START DATA FOR THIS EXERCISE

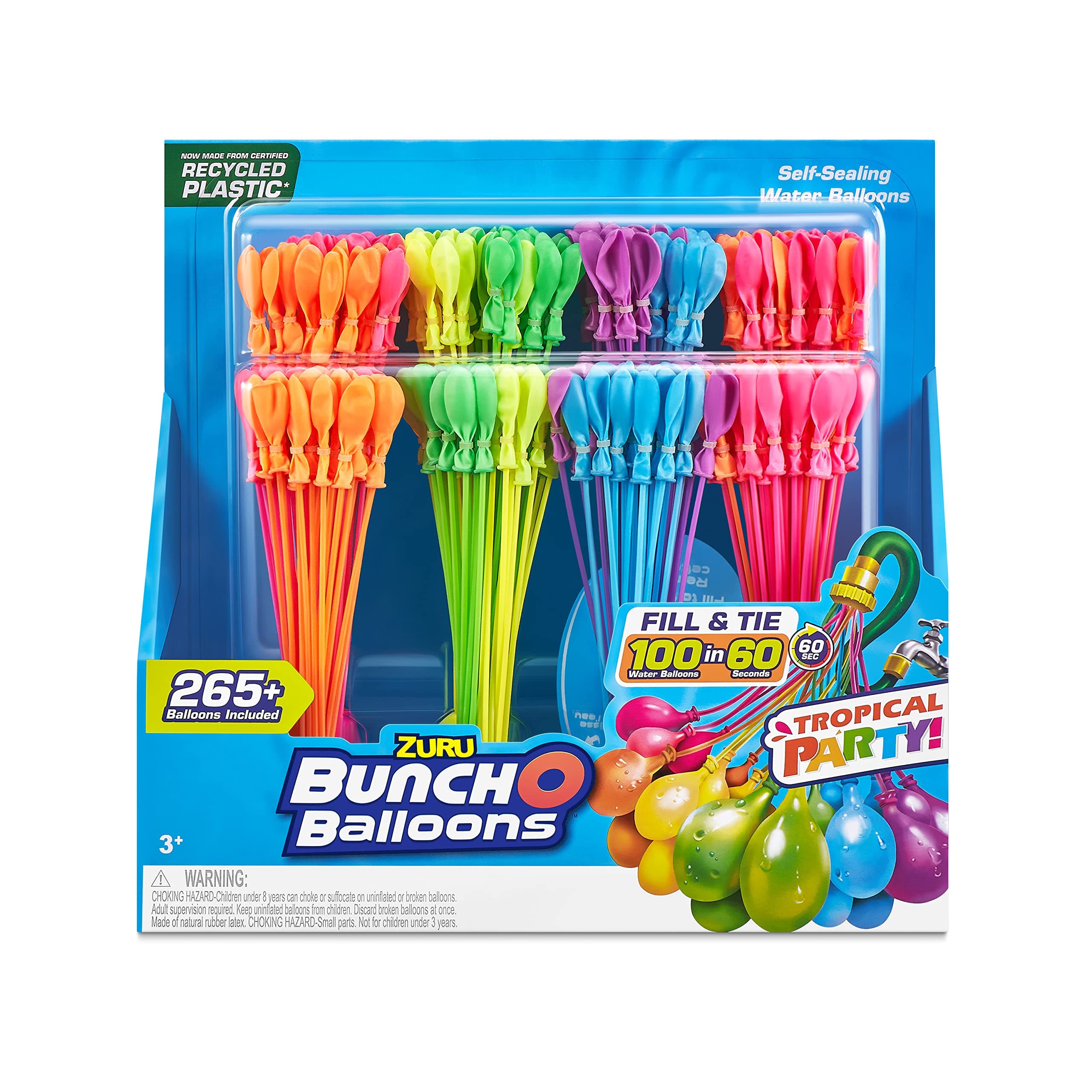 Bunch O Balloons Tropical Party 250 plus Rapid-Filling Self-Sealing Water Balloons (8 Pack)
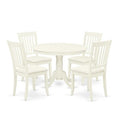 HomeStock 5-Piece Round Linen White Finish Solid Wood Top Dining table with 4 Chairs with Slat Back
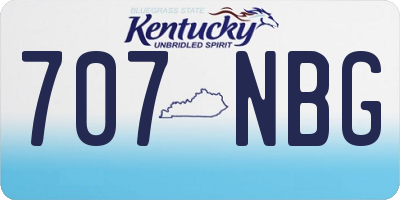 KY license plate 707NBG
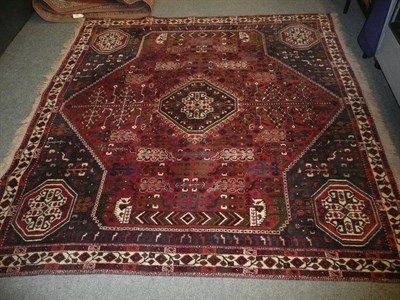 Lot 631 - Kashgai rug, the lozenge field of birds and stylised plants centred by a medallion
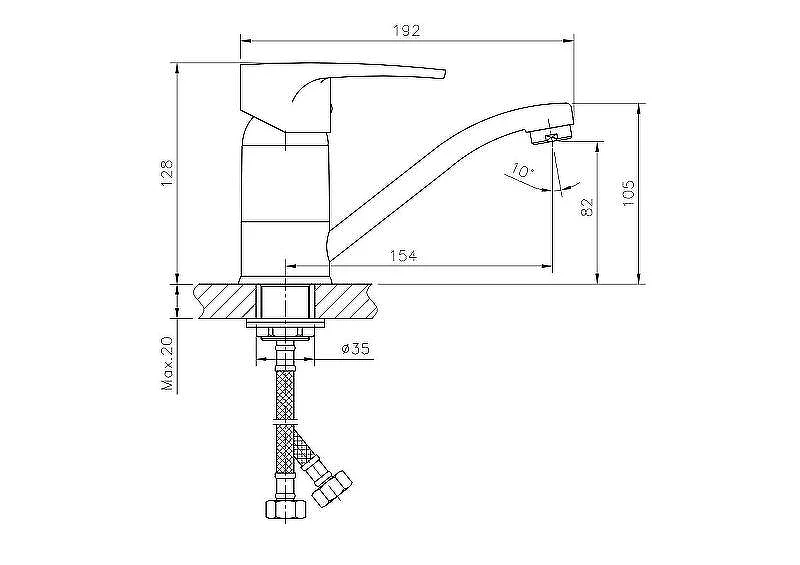 Смеситель для раковины Haiba HB4565-2 Хром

END DATA FOR THIS EXERCISE

DIRECTIONS FOR THIS TASK:
Please return only the lines from the one holding "Lot 631 - Kashgai" through the end of the data, both ends included; do not copy any pictures.

OUTPUT FOR THIS TASK:
 Lot 631 - Kashgai rug, the lozenge field of birds and stylised plants centred by a medallion
 Смеситель для раковины Haiba HB4565-2 Хром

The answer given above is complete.